FIGS. 10 and 11 show example detections on the LFPW dataset for the B+A and B+A+C+G detectors. Dashed bounding boxes denote ground truth annotations, full bounding boxes show detector outputs. The examples show improvement in “mouth,” “nose” and “eyebrow” detections in the case of the B+A+C+G method.

It will be appreciated that variants of the above-disclosed and other features and functions, or alternatives thereof, may be combined into many other different systems or applications. Various presently unforeseen or unanticipated alternatives, modifications, variations or improvements therein may be subsequently made by those skilled in the art which are also intended to be encompassed by the following claims.

Claims

1. A method for generating object and part detectors comprising:

accessing a collection of training images, the collection of training images including images annotated with an object label and images annotated with a respective part label for each of a plurality of parts of the object;

generating joint appearance-geometric embeddings for regions of a set of the training images;

learning at least one detector for the object and its parts using annotations of the training images and respective joint appearance-geometric embeddings; and

outputting information based on the object and part detectors, wherein at least one of the generating of the joint appearance-geometric embeddings, and the learning of the object and part detectors is performed with a processor.

2. The method of claim 1, wherein the at least one detector is trained by multi-instance learning.

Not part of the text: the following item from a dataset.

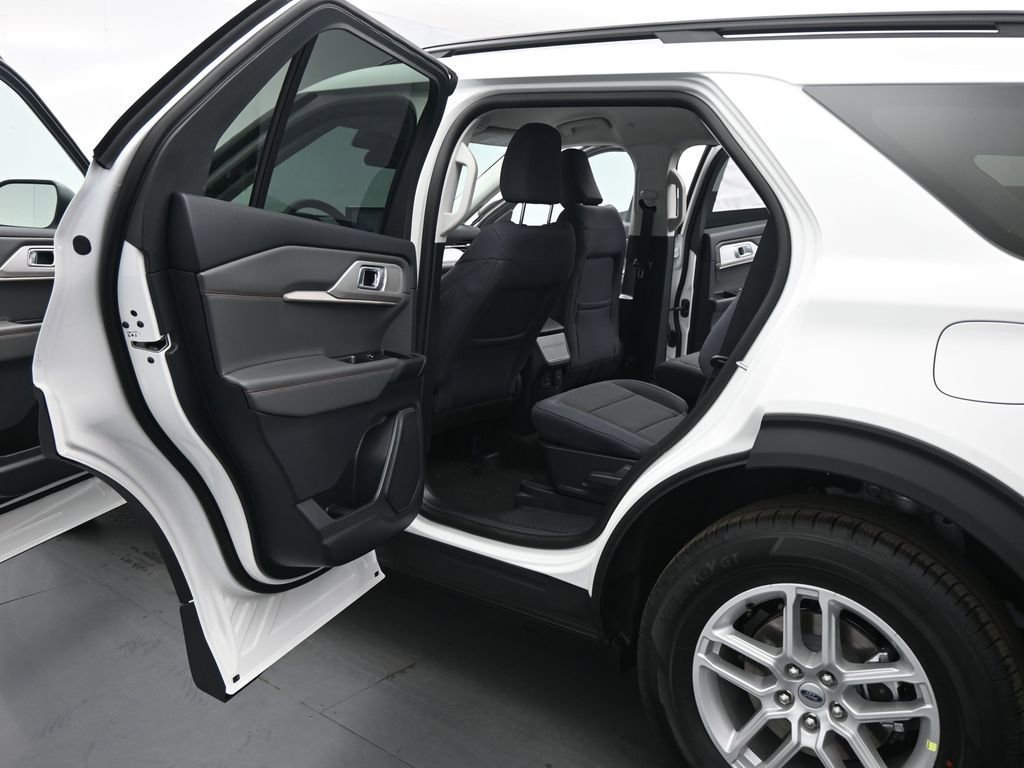 New 2026 Ford Explorer Active RWD image 17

3. The method of claim 1, wherein the generating of the joint appearance-geometric embeddings comprises, for each of a plurality of regions:

generating an appearance-based representation of the region;

generating a geometric embedding of the region; and

aggregating the appearance-based representation and geometric embedding to generate a joint appearance-geometric embedding for the region.

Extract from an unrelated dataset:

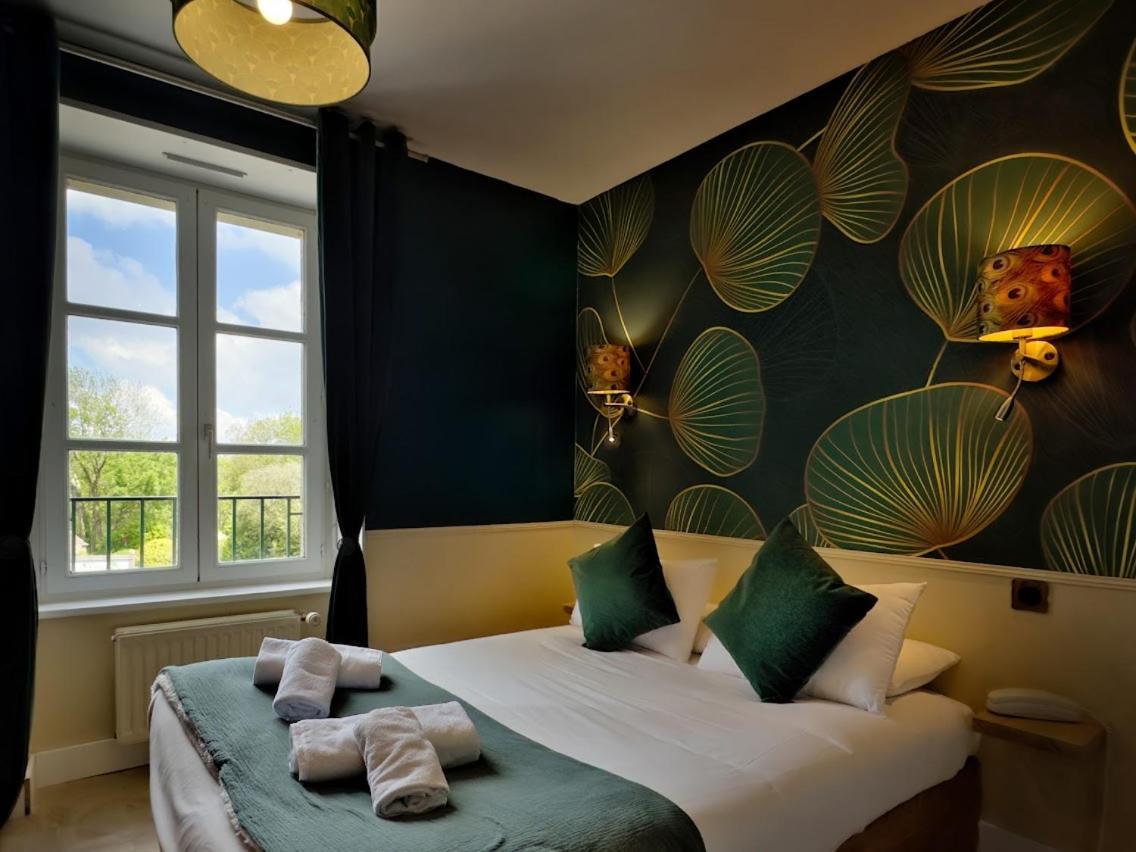 Logis Le Prieure Hotell Locronan Eksteriør bilde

4. The method of claim 3, wherein the appearance-based representation of the region is a multidimensional representation of pixels in the region.

5. The method of claim 3, wherein the generating of the geometric embedding of the region comprises:

identifying similar regions in a set of training images based on the appearance-based representations of the regions;

for pairs of training images in the set of training images, learning a pairwise transformation to align a pair of training images in the set, based on respective locations of at least some of the similar regions in the pair of images; and

generating an image transformation for mapping each training image in the set to a common frame based on the pairwise transformations for the training image; and

computing the geometric embedding for regions of the training images in the set based on the respective image transformation.

6. The method of claim 5, further comprising identifying a set of matching pairs of similar regions based on a measure of overlap of the similar regions, the pairwise transformation being learned based on the locations of at least some of the matching pairs of regions.

7. The method of claim 5, wherein the generating of the image transformation comprises decomposing the pairwise transformations for that image to generate a transformation to the common frame.

8. The method of claim 5, wherein the computing of the geometric embedding for each region comprises projecting the inverse transform of that region in a common embedding space into a set of reference regions.

9. The method of claim 3, wherein the aggregating the appearance-based representation and geometric embedding comprises computing a Kronecker product of the appearance-based representation and the geometric embedding.

10. The method of claim 1, further comprising identifying a set of similar images based on representations of the images and respective image labels, the generating of joint appearance-geometric embeddings being performed for regions of the training images in the set.

11. The method of claim 10, wherein the identifying a set of similar images comprises computing a minimum spanning tree over a graph in which nodes of the graph represent images having a common label and edges connecting the nodes represent distances between the images based on image representations of the images.

12. The method of claim 1, wherein the learning at least one detector for the object and its parts comprises learning parameters of a scoring function for scoring regions of the training images based on the joint appearance-geometric embeddings.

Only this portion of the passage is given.